Anyway, this second lap just sapped me. My left wrist was bothering me from the constant handlebar wrestling. My tights were getting saggy and kept hanging up on the saddle nose anytime I remounted the bike — which was about once every ninety seconds.
And I kept falling down.
Now, falls into deep snow don’t hurt at all, but it does take some time to swim your way out. Especially, as you can see in the picture above, if you’re still clipped in to the side of the bike that’s pinning you into four-feet-deep snow, and you have nothing to use as leverage to right yourself..
For those of you who are wondering how I eventually got out, the answer is really quite simple: I didn’t. I’m still there now. Somebody, please come get me.
Eventually, I finished, fourth in my category (all results can be seen in this PDF), which doesn’t sound so bad until you know the first place racer in my category finished 18 minutes ahead of me.
As an interesting note, if I had raced in the singlespeed category, I would have placed 4th in that, too.
I have a picture of me finishing, but the one of Brad finishing is more impressive:
By the way, Kenny took 1st in Expert 40+ (doing most of the second lap on a flat); Brad took 3rd. My friends are fast.
After the Race
After the race, Kenny moped around because while he had won his category, his team would not be taking home the Frozen Hog travelling trophy for the fourth straight year.
"Why didn’t you invite me to be on your team?" I asked.
"Because you’re too fat and slow," Kenny replied.
Thanks, Kenny. You’re a swell guy.
And then we got to the part I’d come to the race for in the first place: giving away the bikes. Here’s me, going on and on and on, while everyone looks on, wishing I’d shut up and draw the winning tickets already.
The local raffle — where you had to be present to win — raised $650 for the Huntsman Cancer Institute, and the winner was Dan Hutchings of Salt Lake City.
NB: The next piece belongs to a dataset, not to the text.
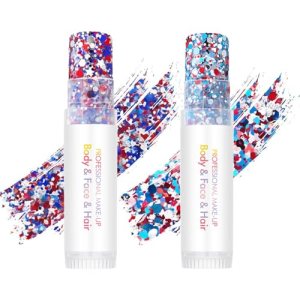 4th of July Body Glitter Stick (2PCS)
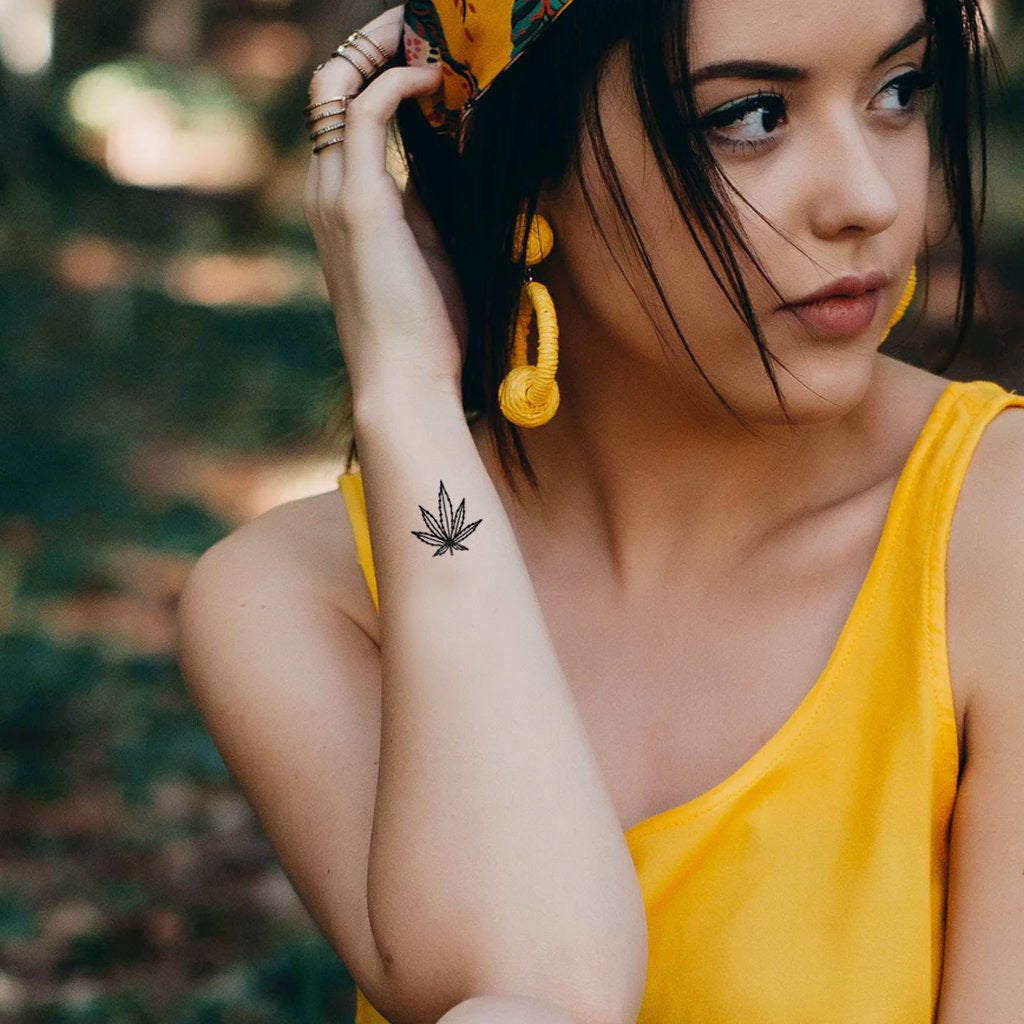 marijuana temporary tattoo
The second bike was raffled here on this blog, toward raising money for the Lance Armstrong Foundation. Together, you all donated $1410, and the winner is Dan V of Seattle, who donated $50 to the LAF for this raffle — the best $50 he’s ever spent, I’m guessing. Here’s what Dan has to say:
I just moved to Seattle from Pittsburgh. I don’t own a mountain
bike or a singlespeed or a 29er, but after reading your blog for a year, I wanted to. Especially in a bike friendly area like this. Especially in a rainy but year-round commuter friendly area like this.
But I ended up spending my part of my relocation signing bonus on
silly things like roof repairs, and my bike acquisition plans were being delayed and might have had to rely on black budget tricks.
Like making a strategic donation.
Congrats to both winners! And a big thanks to Rich W and Racers Cycle Service for donating the bikes for the raffles.
A Day Later
Now a day’s past since I raced the Frozen Hog. Was it worth doing? Definitely. Did I have fun? Half the time.
Am I going to ride the course again as soon as possible? Nope, because another 14" of snow has fallen since then.
PS: A big thanks to Racer’s Cycle Service and UtahMountainBiking.com for putting on a terrific event. Everyone knows that I go to Racer’s pretty much exclusively both for bike sales and service, and UtahMountainBiking.com is an excellent resource to Utah-based mountain bikers, with an incredibly deep catalogue of bike trails in Utah.